Fast forward 45 plus years. Today I read in the Washington Post (with great sadness I might add) that the Attorney General in New York was suing Wal-Mart to try to stop them from selling toy guns. It seems that two Brooklyn teenagers had toy guns in their possession when they were shot by undercover police so don’t blame these juvenile delinquents who were playing with toy guns WAY past their prime, blame the toy gun maker or Wally World and the earth will be suddenly safe for all inhabitants. Somehow the police of the 50’s knew that when they saw two knee high kids that were riding tobacco sticks and wearing toy guns and boots that no danger could possibly come to society. The toy guns used in the NY incident were obviously being used to simulate real criminal acts while the toy guns my brother and I used were to simulate actions of real western heroes.
I did some extensive and very unscientific research on this week’s column while I was at the Wal-Mart this morning getting motor oil. Before reaching the automotive section, I had to pass through the toy section and I thought, "why not go down memory lane and check out the toy guns?" I just knew that there would be a sawed off Winchester made famous by Steve McQueen in the "Wanted Dead or Alive" series or a lever action carbine with a large round handle that Chuck Conners used each week in "The Rifleman." My heart was saddened when all I could find was a generic black plastic six shooter in shrink wrap that was made in Taiwan complete with a big, florescent orange, lawyer mandated, non-removable cover on the end of the barrel that looked like BoZo the Clown’s nose. The caps for the aforementioned six shooter (if you could call it that) were also shrink wrapped (from China) and were $1.98 for five boxes, which is Wal-Mart’s everyday low price. Roy and Paladin must be rolling over in their graves.

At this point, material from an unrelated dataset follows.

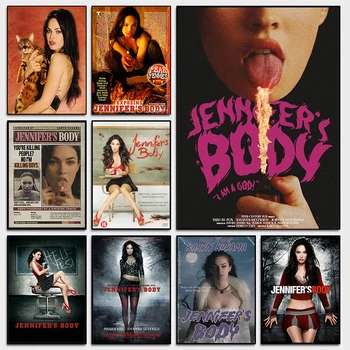 Vintage Horrorfilm Jennifer 's Body Film Poster Sexy Meisje Megan Fox Canvas Schilderij Kunst aan de Muur, Foto' s Home Decor van de Gift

The epitaph of this story (a la Bat Masterson) will read as follows: "Here lies another piece of classic Americana...gone but not forgotten." Kids today sit in front of a Playstation and pretend that they are some futuristic cyborg never realizing that the "Old West" provided real fun (with a little imagination) while at the same time, teaching young minds a little something about history. Only by realizing our past, can we ever hope to deal with our future. I still get misty-eyed during reruns of Lonesome Dove.
Now before I get a lot of hate email from the soccer moms screaming at me that their kids will NEVER play with guns, let’s understand that these are toy guns and toys are meant to be played with. Is there any difference in playing with a plastic six shooter or a nuclear tipped missile fired from some spaceship drone via TV? Who knows Mom, by giving your kids the gift of guns, maybe the little brats will grow up to be a farmer or an editor. They could do a LOT worse. Happy Trails!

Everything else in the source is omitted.